This is the premier game I look forward to every year (this one and the one where the Spartans come to the Barn next week). It is a great match-up of well coached teams who execute well and play great defense.
There are things that these two teams both do very well like scoring (1st and 2nd in B10), shooting (1st and 3rd) and defending (1st and 2nd in FG% D). But what may intrigue most about this match up are the strengths vs. weaknesses that will ultimately determine the outcome of the game.
Gophers pressure defense vs. a turnover prone Spartan team
This has clearly been the hallmark of the Gophers this season (and last). We force turnovers at a rate of 27.5% of our opponent's possessions. That is a really good number and good enough to ranks us third in the country in this tempo-free stat. For this game, what makes that stat even more attractive is the fact that Michigan State comes into the game having a tendency to turn the ball over. 21.3% of Spartan possessions result in a turnover, that is 196th in the country. This turnover issue is not lost on coach Izzo.
"What’s been bad is our turnovers," Izzo said. "What’s been good is we’re still holding teams in the 30s (in field-goal percentages), even though teams are getting layups off those turnovers."
Tubby also recognizes how important creating turnovers is to the Gopher offense.
"If you talk about any team, you have to talk about your up-the-middle, and I think it starts with our point of attack," Smith said. "Al Nolen and Damian Johnson are very outstanding defenders. And then, we have good shot blockers and good post defenders, guys that defend the basket, in Ralph Sampson and Colton Iverson.
"We’ve always tried to extend our defense. We feel like we’re not that offensively gifted, so we need to create more offense with our defense. It’s been a total team effort. Our guys have bought into it and they’ve done an outstanding job so far."
Clearly this will be a huge factor tonight. Despite being on the road, if the Gophers can generate some turnovers and turn those into points they can be in this game till the very end. Michigan State is obviously aware of this so if they can take care of the ball they should be in pretty good shape.
Michigan State rebounding vs. Minnesota's lack of rebounding
This key area is not a great match up for the Gophers. Michigan State is exactly the kind of team where guys like Trevor Mbakwe and Royce White could make a huge difference. Michigan State is one of the best rebounding teams in the country and they are especially good rebounding on the offensive end. The Gopher's current roster, on the other hand, struggles to end possessions with a rebound.
The Spartans are 7th in the nation at offensive rebounding. They have been extending possessions by grabbing 42.1% of their own misses on offense.

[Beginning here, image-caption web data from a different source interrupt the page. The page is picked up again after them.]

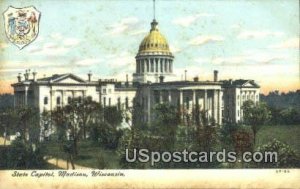 State Capitol - Madison, Wisconsin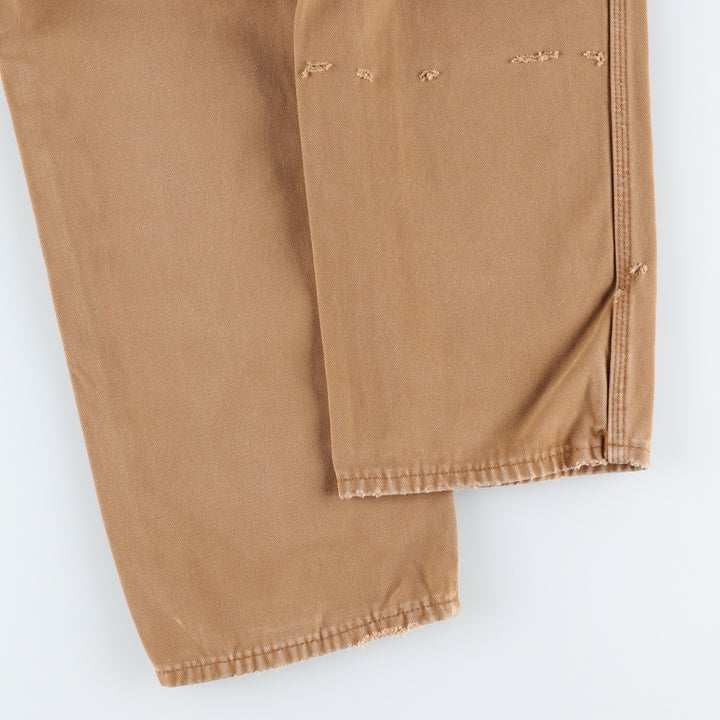 Dickies Duck Painter Pants Men's W32 equivalent cotton beige type brown Vintage Second Hand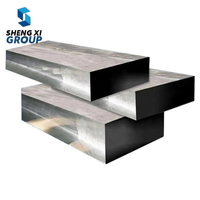 AISI D2 1.2379 SKD11 Plaque d'acier pour outils de travail à froid, acier pour matrices, excellente résistance à l'usure, bonne stabilité dimensionnelle pour matrices de poinçonnage
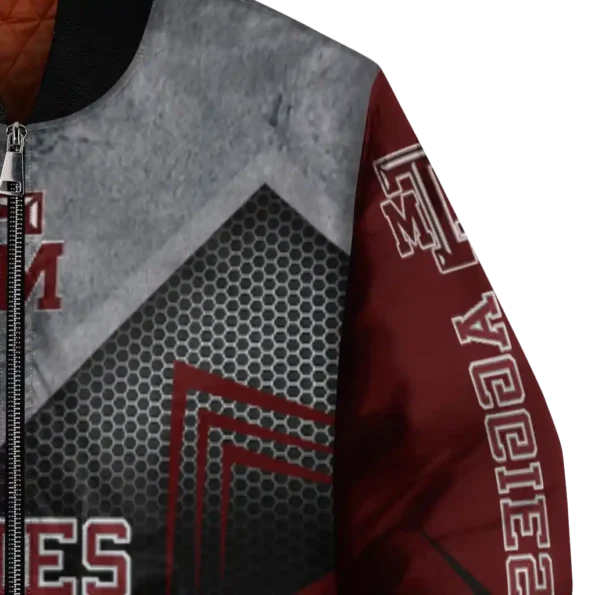 Texas20AM20Aggies20NCAAZone Jacket 6 Bomber 3.webp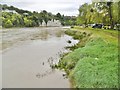 ST5394 : Chepstow, riverside by Mike Faherty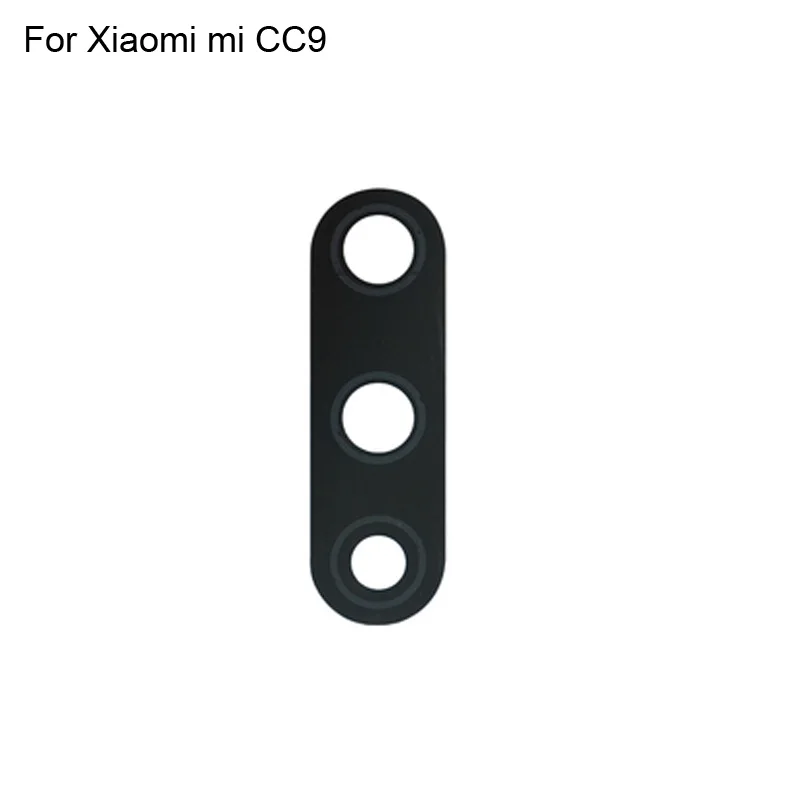 High quality For XIaomi mi CC9 Back Rear Camera Glass Lens test good For XIaomi miCC9 Replacement Parts Xiao Mi CC 9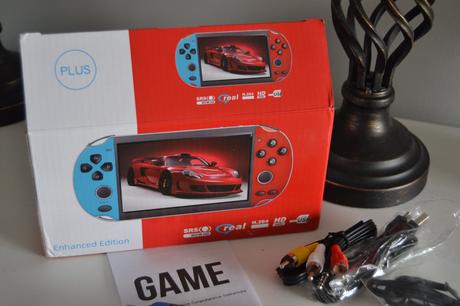 Mini konzola x7 plus prenosná, herná konzola, 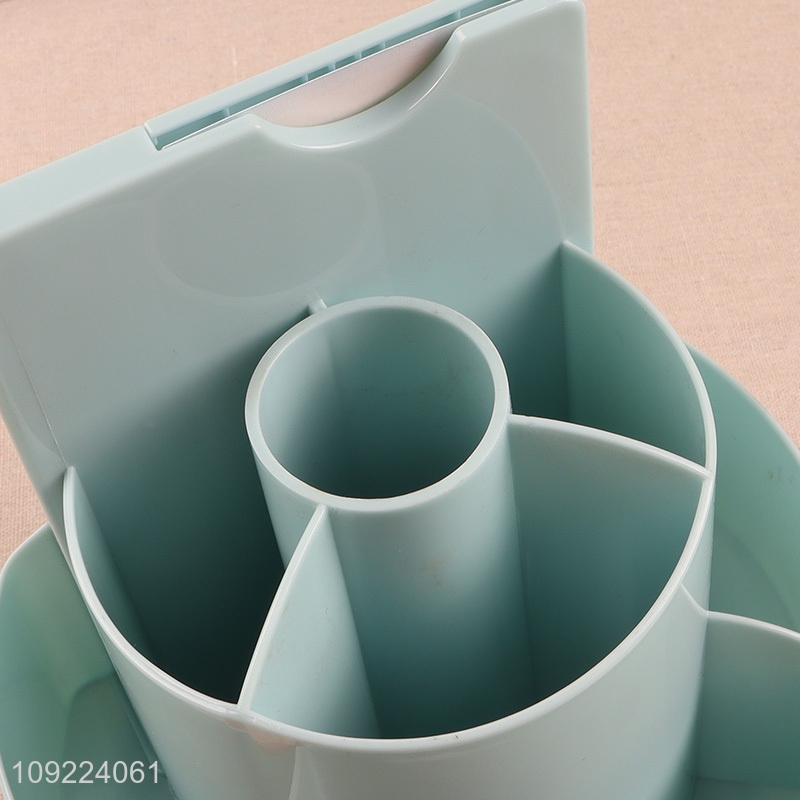 High Quality Multi-Function 360 Degree Rotating Pen Holder School Supplies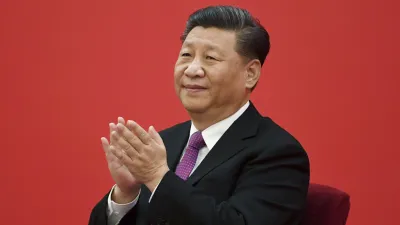 中國國家主席習近平。(美聯社)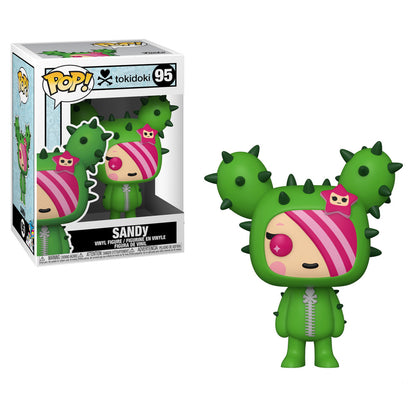 Funko Vinyl: POP! Tokidoki Collectors Set - 3 Figure Set Includes Donutella, Sandy & Stellina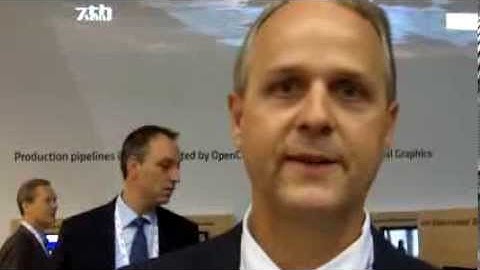 Scalable Diplay automatic multi-projector blending using AMD FirePro at 4K UltraHD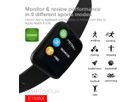 LENOVO Smartwatch E1 Max black E1Max-BK (6941192215527)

Conversely, Minnesota is 122nd in the country when it comes to defensive rebounding as they grab just 68.4% of opponent misses. We do an adequate job of crashing the boards offensively but defensively we lack the physical presence and ability to hold box outs and finish the possession. Michigan State rebounds with multiple guys. Raymar Morgan and Draymond Green are strong and physical. Guys like Delvin Roe and Derrell Summers are athletic and difficult to box out. In three contests last season, Michigan State dominated the boards and the scoreboard.
|Off Reb allowed
Based on rebounding alone, this is a terrible match up for the Gophers. If the Gophers are to control the boards it will take a collective and concerted effort. And if the Gophers are to have a shot at winning this game they will have to do a much better job rebounding.
The Gophers are capable of pulling this off but rebounding is key and making shots will be critical. At Purdue we outrebounded the Boilermakers and forced 17 turnovers, but that wasn't nearly enough because we shot just 30.8% from the field. Getting some easy baskets and getting several open looks for Blake Hoffarber are essential.
It will be interesting to see which team best hides their weaknesses tonight.